Les plastides associés nés de l'œuf conservent ces propriétés essentielles de nutrition, de reproduction et de variabilité, qu'on observe chez les plastides isolés; d'ailleurs, ils demeurent dans une large mesure indépendants les uns des autres; mais, en raison même du nombre de ceux qui sont associés, chacun se trouve placé dans des conditions d'existence particulières, vit d'une façon qui lui est propre, présente des caractères extérieurs spéciaux; il en résulte bientôt, entre les divers éléments, un partage des fonctions physiologiques qui contribuent à assurer l'existence de l'association tout entière; ce partage des fonctions rend les éléments entre lesquels il s'accomplit d'autant plus solidaires les uns des autres qu'il est plus exclusif, de telle sorte que la dissolution de leur société finit par entraîner nécessairement leur mort; ainsi se constituent les individus qui résultent immédiatement de l'évolution de l'œuf, et les organes qu'ils contiennent.

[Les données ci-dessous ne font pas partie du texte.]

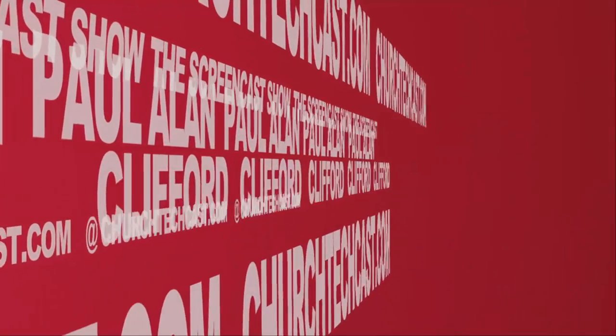On today's ChurchTechCast.com screencast show, making a slideshow loop and getting it to start at just the right time in ProPresenter 6.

Ces individus en bourgeonnant produisent des agrégats complexes dont les membres, auxquels Dugès appliquait uniformément la dénomination de zoonites, se comportent à l'égard les uns des autres comme l'ont fait les plastides dont chacun d'eux est composé. Ces individus de second ordre, sous l'empire de certaines conditions, revêtent des formes particulières, accomplissent des fonctions spéciales et peuvent se séparer les uns des autres ou demeurent indéfiniment unis. Les différents phénomènes désignés sous les noms de génération alternante, de digenèse, de généagenèse, etc., ne sont autre chose que le résultat de cette séparation précoce ou tardive des individus de second ordre, plus ou moins différents les uns des autres, nés sur l'individu primitif.
Lorsque la séparation des zoonites n'a pas lieu, l'ensemble des individus unis entre eux constitue un organisme auquel on applique le nom de colonie, si les membres de l'association sont nettement distincts les uns des autres et paraissent avoir conservé une grande part de leur autonomie; auquel on transporte le nom d'individu lorsque les zoonites constituants sont moins nettement séparés ou qu'ils semblent tous dominés par une volonté unique ne paraissant résider d'une façon plus particulière dans aucun d'eux. On voit par là combien est vague la signification de ce mot individu qu'on peut transporter à volonté du plastide à un agrégat de plastides, de cet agrégat simple à une association d'agrégats semblables à lui, combien est arbitraire la limite entre ce qu'on nomme colonie et ce qu'on nomme individu.